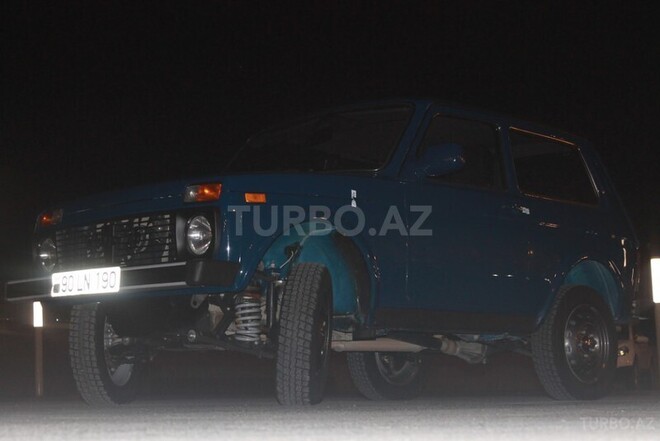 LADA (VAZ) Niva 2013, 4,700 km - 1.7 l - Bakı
○ ○ ○
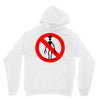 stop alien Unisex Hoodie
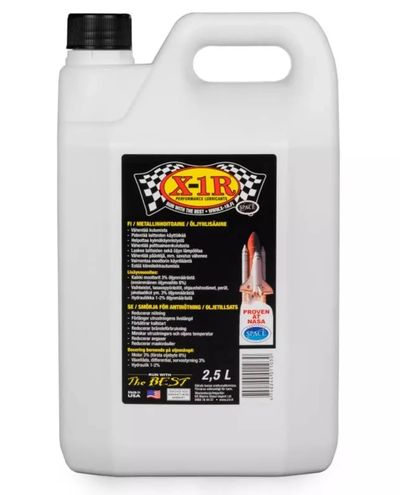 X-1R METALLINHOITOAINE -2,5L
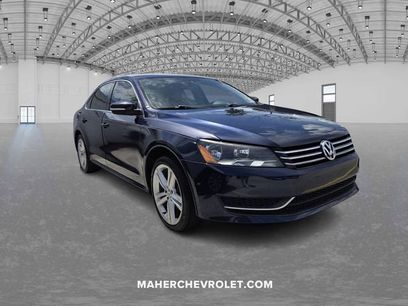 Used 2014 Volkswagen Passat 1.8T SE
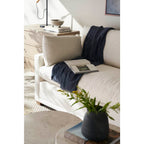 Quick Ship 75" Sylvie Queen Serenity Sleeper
○ ○ ○
• Activity:
Here the job is to copy the stretch of records from the line containing "Used 2014 Volkswagen Passat 1.8T SE" through the line containing "Queen Serenity Sleeper", word for word. Leave every picture out.

• Answer to this task:
 Used 2014 Volkswagen Passat 1.8T SE
 Quick Ship 75" Sylvie Queen Serenity Sleeper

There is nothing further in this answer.